Association of ESR1 Mutations and Visceral Metastasis in Patients with Estrogen Receptor-Positive Advanced Breast Cancer from Brazil

1PPG Ciências Médicas, Universidade Federal do Rio Grande do Sul (UFRGS), Porto Alegre, Brazil
2Centro de Pesquisa da Serra Gaúcha (CEPESG), Caxias do Sul, Brazil
3Latin American Cooperative Oncology Group (LACOG), Porto Alegre, Brazil
4Grupo Diagnose Patologia, Genética e Biologia Molecular, Caxias do Sul, Brazil
5FARO STAT Solutions, Porto Alegre, Brazil
6Instituto Nacional do Câncer (INCA), Rio de Janeiro, Brazil
7Clínica São Vicente, Rio de Janeiro, Brazil

Correspondence should be addressed to Tomás Reinert; moc.liamtoh@treniersamot

Received 15 April 2019; Accepted 2 June 2019; Published 14 August 2019

Guest Editor: Chia-Jung Li

Copyright © 2019 Tomás Reinert et al. This is an open access article distributed under the Creative Commons Attribution License, which permits unrestricted use, distribution, and reproduction in any medium, provided the original work is properly cited.

Abstract

Mutations in the ESR1 gene (ESR1m) are important mechanisms of resistance to endocrine therapy in estrogen receptor-positive advanced breast cancer and have been recognized as a prognostic and predictive biomarker as well as a potential therapeutic target. However, the prevalence of ESR1m in real-world patients has not been adequately described.
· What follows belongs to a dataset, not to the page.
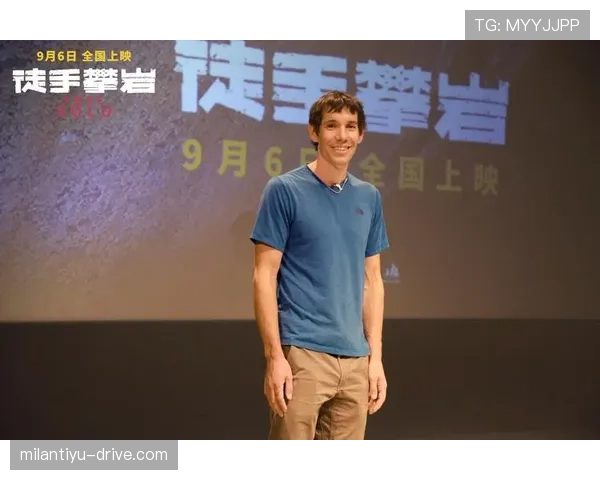 亚历克斯·摩根带娃那张照片，穿得像去领奖，我这拖鞋人生尴尬到笑不出来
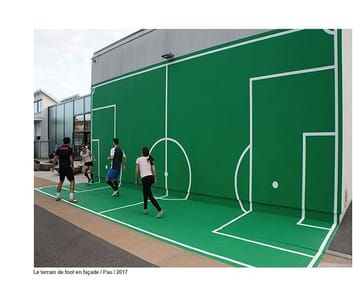 Artwork Title: Le terrain de foot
Therefore, we sought to evaluate the prevalence of ESR1m in metastatic samples from Brazilian patients with estrogen receptor-positive (ER+) advanced breast cancer previously treated with endocrine therapy. The presence of ESR1m was evaluated in formalin-fixed paraffin-embedded (FFPE) breast cancer tissue using real-time quantitative polymerase chain reaction (RT-qPCR). Mutations in codons 380, 537, and 538 of the ESR1 gene were analyzed. Out of 77 breast cancer samples, 11 (14.3%) showed mutations in the ESR1 gene. ESR1m were detected in a variety of organs, and the D538G substitution was the most common mutation. In visceral metastasis, ESR1m were detected in 25% (8/32) of the samples, whereas in nonvisceral metastasis, ESR1m were detected in 6.7% (3/45) of the samples. The odds of a sample with visceral metastasis having an ESR1 mutation is 4.66 times the odds of a sample of nonvisceral metastasis having an ESR1 mutation (95% CI: 1.13–19.27; value = 0.0333). Our study indicates that the prevalence of ESR1m in samples from Brazilian patients with metastatic ER+ breast cancer is similar to that described in patients included in clinical trials. We observed an association of ESR1m with visceral metastasis.